> **TASK DIRECTIONS**
Are you able to retype all the records below exactly?

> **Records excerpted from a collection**
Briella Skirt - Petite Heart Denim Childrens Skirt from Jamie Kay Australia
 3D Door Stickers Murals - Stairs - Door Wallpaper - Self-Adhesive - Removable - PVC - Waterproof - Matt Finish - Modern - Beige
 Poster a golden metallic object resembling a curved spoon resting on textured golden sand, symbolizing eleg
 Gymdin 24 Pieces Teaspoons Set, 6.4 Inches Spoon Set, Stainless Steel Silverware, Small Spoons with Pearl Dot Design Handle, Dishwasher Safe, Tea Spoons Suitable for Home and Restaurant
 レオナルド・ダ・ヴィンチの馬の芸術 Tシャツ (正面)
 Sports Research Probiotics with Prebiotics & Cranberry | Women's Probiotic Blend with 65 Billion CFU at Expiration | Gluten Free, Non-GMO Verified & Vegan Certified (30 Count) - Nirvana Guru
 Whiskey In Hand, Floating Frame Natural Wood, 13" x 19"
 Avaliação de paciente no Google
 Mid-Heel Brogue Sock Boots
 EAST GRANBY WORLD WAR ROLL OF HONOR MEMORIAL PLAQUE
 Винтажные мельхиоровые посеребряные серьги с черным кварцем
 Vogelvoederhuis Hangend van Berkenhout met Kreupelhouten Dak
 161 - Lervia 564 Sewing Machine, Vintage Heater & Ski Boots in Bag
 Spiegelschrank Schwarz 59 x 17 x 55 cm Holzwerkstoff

> **FINISHED EXERCISE**
Briella Skirt - Petite Heart Denim Childrens Skirt from Jamie Kay Australia
 3D Door Stickers Murals - Stairs - Door Wallpaper - Self-Adhesive - Removable - PVC - Waterproof - Matt Finish - Modern - Beige
 Poster a golden metallic object resembling a curved spoon resting on textured golden sand, symbolizing eleg
 Gymdin 24 Pieces Teaspoons Set, 6.4 Inches Spoon Set, Stainless Steel Silverware, Small Spoons with Pearl Dot Design Handle, Dishwasher Safe, Tea Spoons Suitable for Home and Restaurant
 レオナルド・ダ・ヴィンチの馬の芸術 Tシャツ (正面)
 Sports Research Probiotics with Prebiotics & Cranberry | Women's Probiotic Blend with 65 Billion CFU at Expiration | Gluten Free, Non-GMO Verified & Vegan Certified (30 Count) - Nirvana Guru
 Whiskey In Hand, Floating Frame Natural Wood, 13" x 19"
 Avaliação de paciente no Google
 Mid-Heel Brogue Sock Boots
 EAST GRANBY WORLD WAR ROLL OF HONOR MEMORIAL PLAQUE
 Винтажные мельхиоровые посеребряные серьги с черным кварцем
 Vogelvoederhuis Hangend van Berkenhout met Kreupelhouten Dak
 161 - Lervia 564 Sewing Machine, Vintage Heater & Ski Boots in Bag
 Spiegelschrank Schwarz 59 x 17 x 55 cm Holzwerkstoff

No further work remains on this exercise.